PROBLEM DETAILS
Every line of the listing must be reproduced as it stands. Leave the images behind.

MATERIAL FOR THIS EXERCISE
⟨

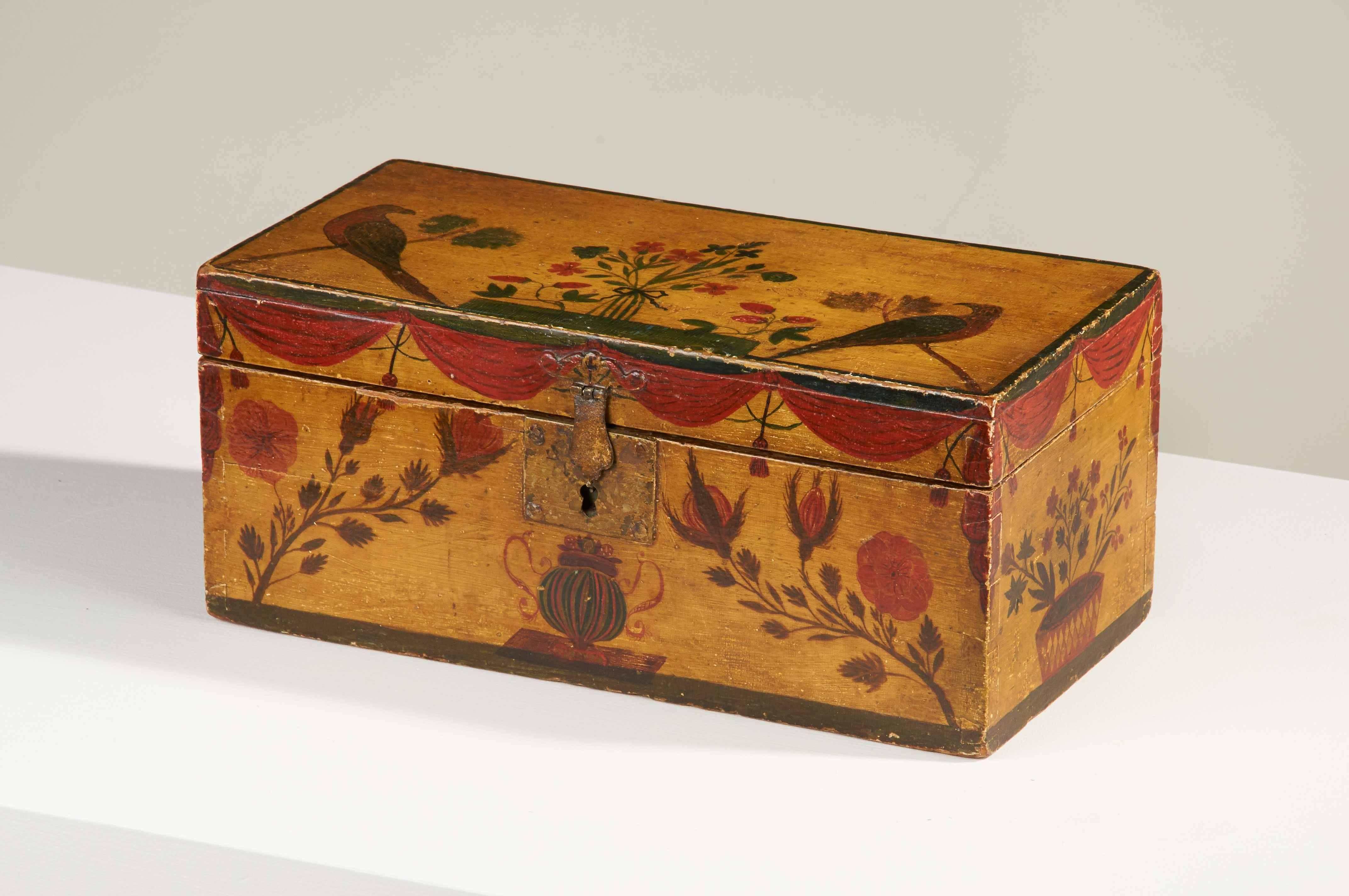 This exquisite box by an unknown maker, likely working in the Hallowell-Gardiner area of Maine, is covered with decoration, the birds delightfully flanking a spray of red and blue flowers tied with a ribbon, the front and sides with urns and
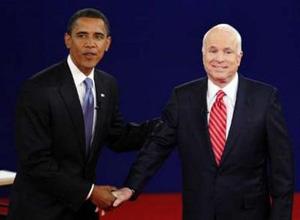 Democratic presidential candidate Sen.Barack Obama (L) shakes hands with Republican presidential candidate Sen.John McCain during the Town Hall Presidential Debate at Belmont University's Curb Event Center October 7,2008 in Nashville,Tennessee.The debate is the second presidential debate of three.(Xinhua/Zhang Yan)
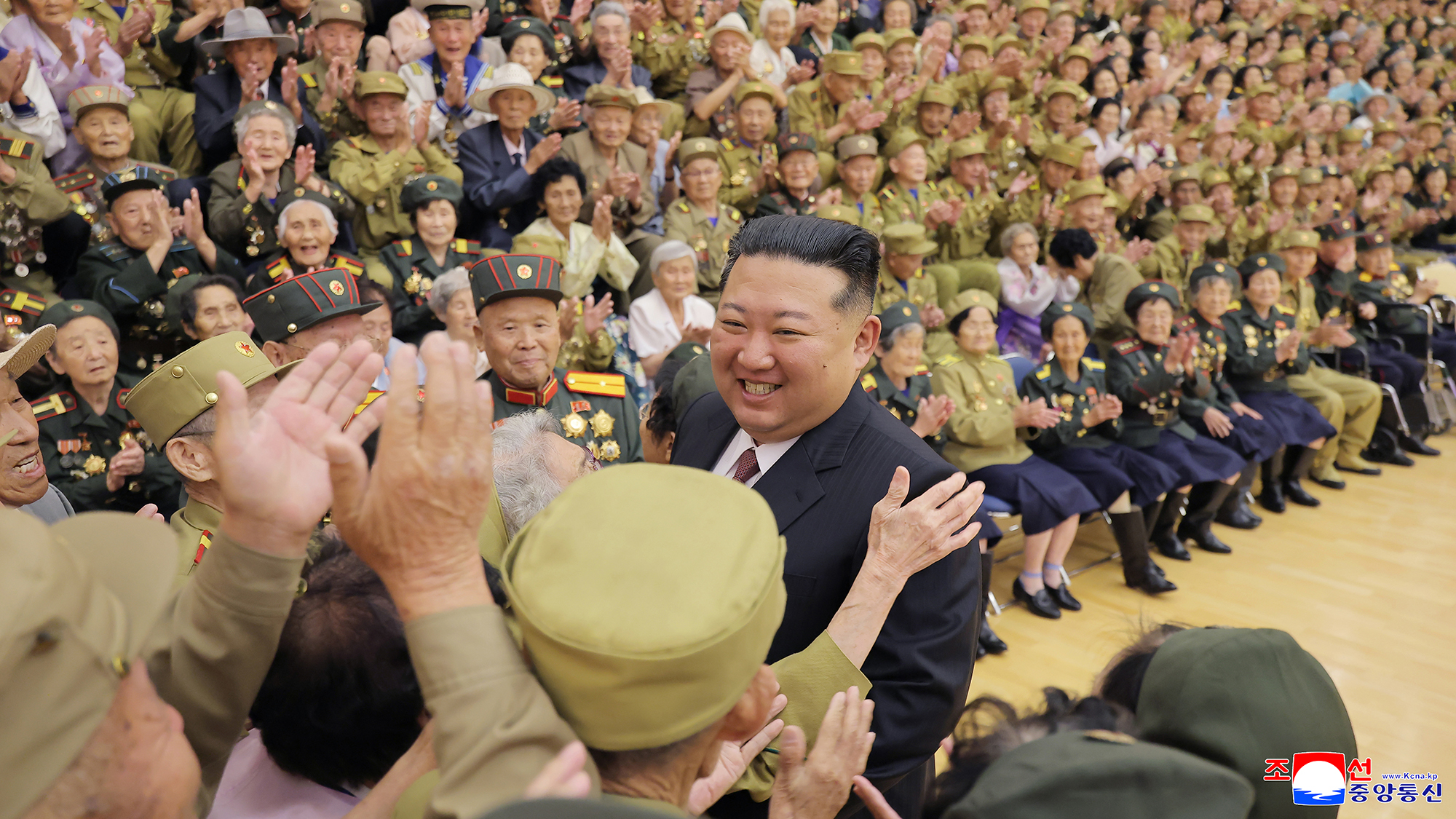 Respected Comrade Kim Jong Un meets and has photo taken with war veterans and persons of wartime merit
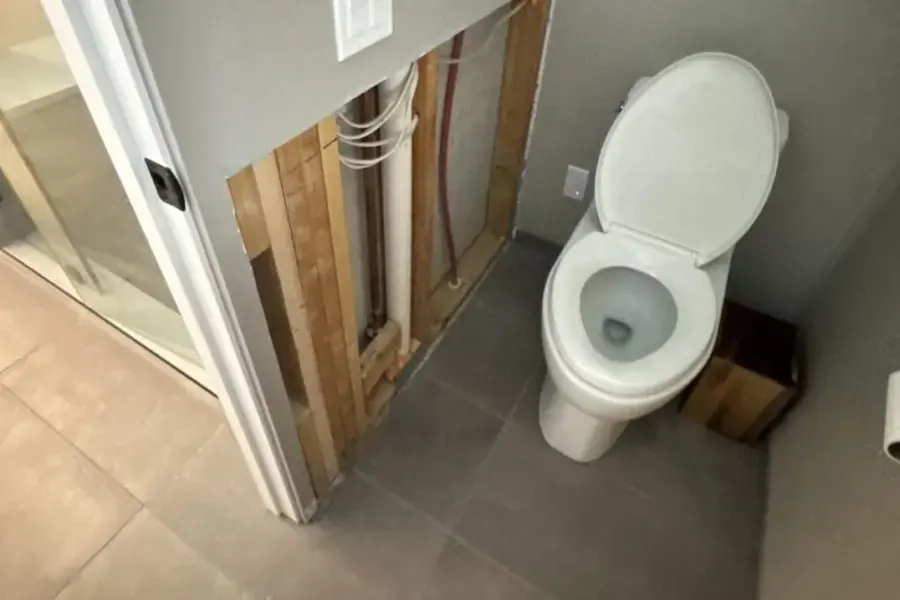 Bathroom wall opened beside a toilet so the cavity can dry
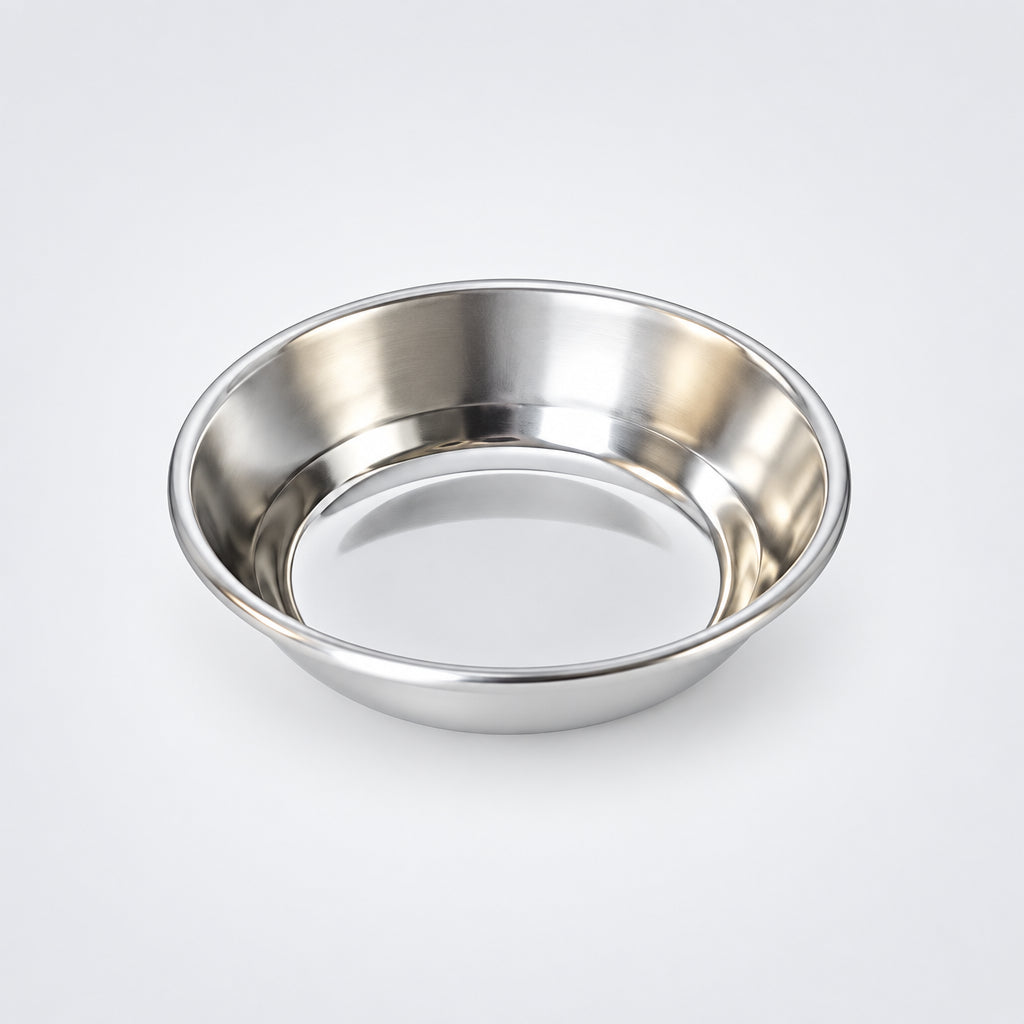 A small round metal serving plate on a white background with a reflective surface.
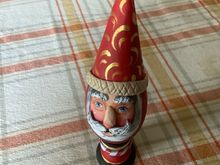 Ths is my favorite. Wooden egg has a paper mache cone hat and sits on a small, short turning.mit is embellished with Quikwood to make nose,mhat band, etc. i still need to paint hat band white.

⟩

OUTPUT OF THE TASK
 This exquisite box by an unknown maker, likely working in the Hallowell-Gardiner area of Maine, is covered with decoration, the birds delightfully flanking a spray of red and blue flowers tied with a ribbon, the front and sides with urns and
 Democratic presidential candidate Sen.Barack Obama (L) shakes hands with Republican presidential candidate Sen.John McCain during the Town Hall Presidential Debate at Belmont University's Curb Event Center October 7,2008 in Nashville,Tennessee.The debate is the second presidential debate of three.(Xinhua/Zhang Yan)
 Respected Comrade Kim Jong Un meets and has photo taken with war veterans and persons of wartime merit
 Bathroom wall opened beside a toilet so the cavity can dry
 A small round metal serving plate on a white background with a reflective surface.
 Ths is my favorite. Wooden egg has a paper mache cone hat and sits on a small, short turning.mit is embellished with Quikwood to make nose,mhat band, etc. i still need to paint hat band white.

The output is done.